Following the disappointing Q3 results, Netflix (NSDQ: NFLX) CEO Reed Hastings dispensed with the usual earnings report overview that accompany most company releases of this sort and went straight to the e-mail questions. “We’re focused on winning back consumers,” he said, though he immediately nixed any thought of a discount for both streaming and DVD or a major marketing campaign. “We just need to manage the business as we have been, providing great content, and that’s what we’ll continue to do,” Hastings said. “But we don’t feel a need for any grand gestures.”
Hastings dismissed the notion of continuing to promote a hybrid DVD/streaming model. “The future of this business lies in streaming video,” he said. “If we were going to offer any discounts, it would be on the streaming business. But we think our $7.99 price is fair and very competitive.”
Hastings also said that the company will put on hold any additional international expansion after the UK/Ireland launch, which was announced earlier today and is expected in Q1.
With streaming representing Netflix’s long-term future, how does the DVD mail business look in over the short term? Hastings compared to it AOL’s dial-up access business, which is still a cash cow for that company, albeit a steadily diminishing one.
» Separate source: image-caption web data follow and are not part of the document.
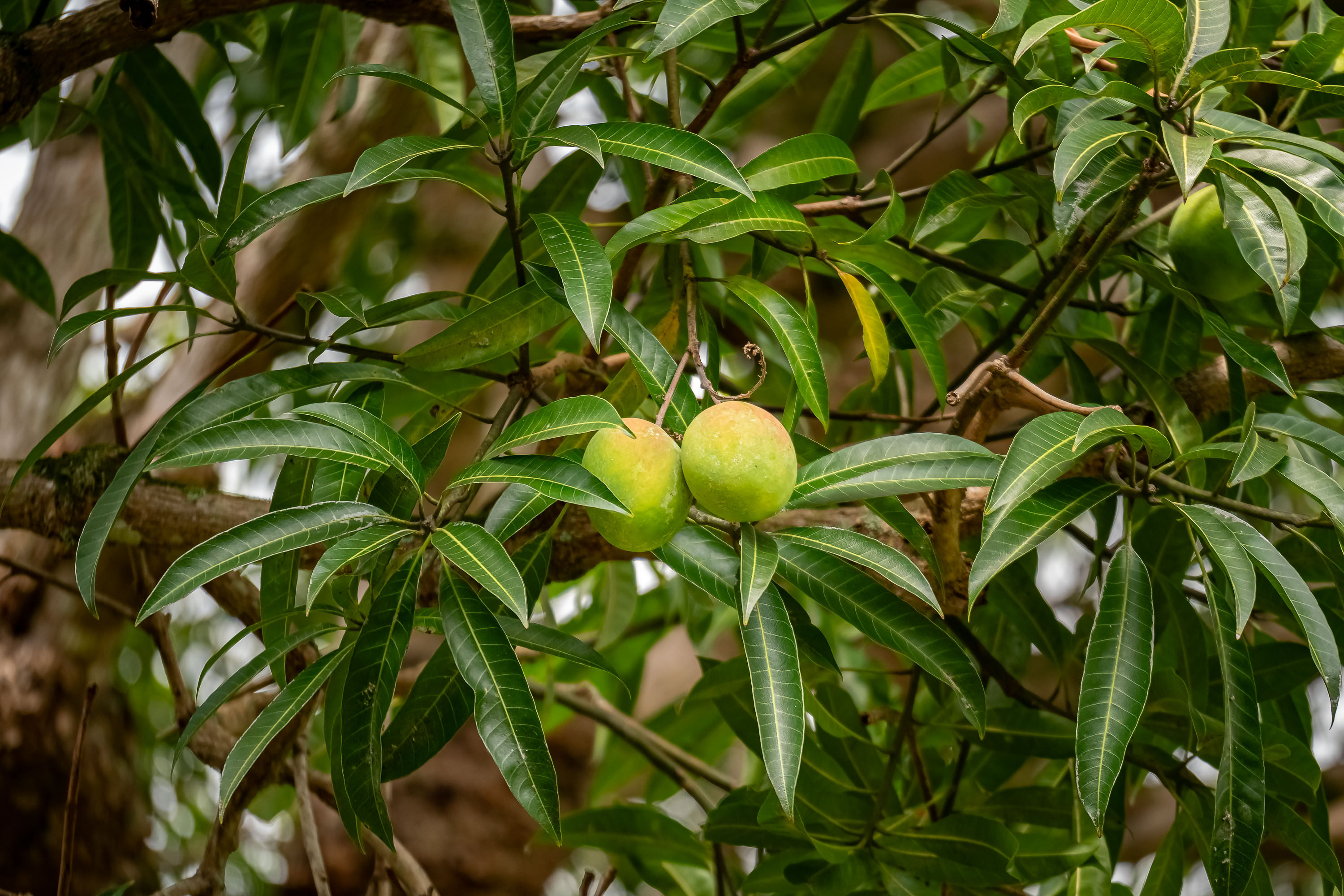 mango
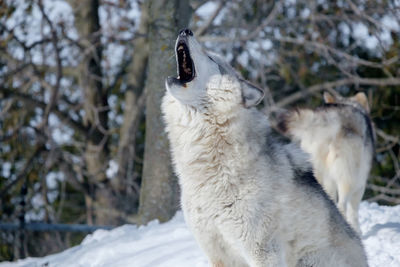 Wolf in snow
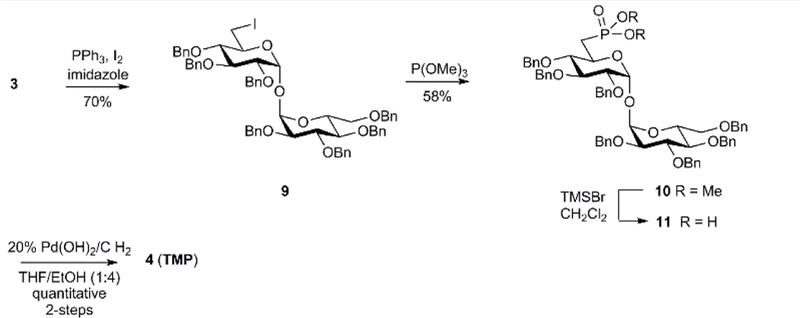 Scheme 1.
There are fewer fixed costs associated with the DVD business, for one thing, as most of the expenses vary due to postage and labor.
Ultimately, the shift from DVD to streaming will not have that much of an impact on the content catalog’s ability to generate revenue, Hastings said. “I don’t see a shift in the catalog business; People like the depth and breadth of the catalog, whether streaming or DVD,” he said. “That’s what matters and that’s where our focus is.”